Dataset excerpts:

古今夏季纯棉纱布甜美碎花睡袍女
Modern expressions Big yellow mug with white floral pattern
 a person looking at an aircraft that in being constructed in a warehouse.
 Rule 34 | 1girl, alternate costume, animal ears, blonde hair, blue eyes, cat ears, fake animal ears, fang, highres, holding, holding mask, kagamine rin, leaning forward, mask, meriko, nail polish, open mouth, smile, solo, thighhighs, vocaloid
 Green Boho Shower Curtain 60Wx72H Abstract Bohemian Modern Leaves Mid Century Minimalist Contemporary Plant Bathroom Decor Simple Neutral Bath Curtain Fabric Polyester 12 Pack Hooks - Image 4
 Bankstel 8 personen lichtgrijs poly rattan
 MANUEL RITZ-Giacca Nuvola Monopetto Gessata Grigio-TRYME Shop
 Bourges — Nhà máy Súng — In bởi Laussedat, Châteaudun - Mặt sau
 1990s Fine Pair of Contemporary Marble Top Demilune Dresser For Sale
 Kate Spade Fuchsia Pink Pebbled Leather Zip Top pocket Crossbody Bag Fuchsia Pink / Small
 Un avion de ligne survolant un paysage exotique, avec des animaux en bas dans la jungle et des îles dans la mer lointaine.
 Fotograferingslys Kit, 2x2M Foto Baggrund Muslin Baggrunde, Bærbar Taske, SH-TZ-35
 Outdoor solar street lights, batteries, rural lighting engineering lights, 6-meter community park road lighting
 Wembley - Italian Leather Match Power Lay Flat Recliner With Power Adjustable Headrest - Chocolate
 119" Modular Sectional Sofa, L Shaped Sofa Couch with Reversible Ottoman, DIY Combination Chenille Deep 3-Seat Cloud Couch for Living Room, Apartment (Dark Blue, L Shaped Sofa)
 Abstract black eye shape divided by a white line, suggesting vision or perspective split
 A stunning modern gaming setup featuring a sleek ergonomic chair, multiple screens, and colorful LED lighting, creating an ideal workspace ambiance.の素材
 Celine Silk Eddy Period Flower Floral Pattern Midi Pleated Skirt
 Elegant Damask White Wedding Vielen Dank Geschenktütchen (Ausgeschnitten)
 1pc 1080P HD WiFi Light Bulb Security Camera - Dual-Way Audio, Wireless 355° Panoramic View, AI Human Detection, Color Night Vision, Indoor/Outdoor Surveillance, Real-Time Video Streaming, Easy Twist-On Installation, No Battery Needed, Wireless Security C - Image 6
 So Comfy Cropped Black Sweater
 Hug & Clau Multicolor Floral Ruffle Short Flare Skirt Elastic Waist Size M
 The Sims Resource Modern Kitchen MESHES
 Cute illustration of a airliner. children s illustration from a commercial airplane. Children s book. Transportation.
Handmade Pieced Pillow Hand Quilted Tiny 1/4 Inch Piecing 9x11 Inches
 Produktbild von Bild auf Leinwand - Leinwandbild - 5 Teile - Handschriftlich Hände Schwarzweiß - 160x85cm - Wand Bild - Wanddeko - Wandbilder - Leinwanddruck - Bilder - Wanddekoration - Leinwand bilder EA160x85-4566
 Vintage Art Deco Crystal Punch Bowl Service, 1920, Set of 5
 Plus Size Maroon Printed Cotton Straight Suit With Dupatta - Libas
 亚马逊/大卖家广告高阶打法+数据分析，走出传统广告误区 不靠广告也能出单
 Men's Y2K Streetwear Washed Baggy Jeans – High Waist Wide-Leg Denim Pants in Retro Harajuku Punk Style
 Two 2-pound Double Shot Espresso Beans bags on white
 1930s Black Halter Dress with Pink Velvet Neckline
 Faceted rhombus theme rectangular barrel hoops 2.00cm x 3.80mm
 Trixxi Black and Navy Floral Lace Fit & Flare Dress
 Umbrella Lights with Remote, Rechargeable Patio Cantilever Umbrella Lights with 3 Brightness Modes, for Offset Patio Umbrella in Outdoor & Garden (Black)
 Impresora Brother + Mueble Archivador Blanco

● WORK ORDER
When the word "Contemporary" occurs in a line above, list that line.

● EXERCISE SOLUTION
 Green Boho Shower Curtain 60Wx72H Abstract Bohemian Modern Leaves Mid Century Minimalist Contemporary Plant Bathroom Decor Simple Neutral Bath Curtain Fabric Polyester 12 Pack Hooks - Image 4
 1990s Fine Pair of Contemporary Marble Top Demilune Dresser For Sale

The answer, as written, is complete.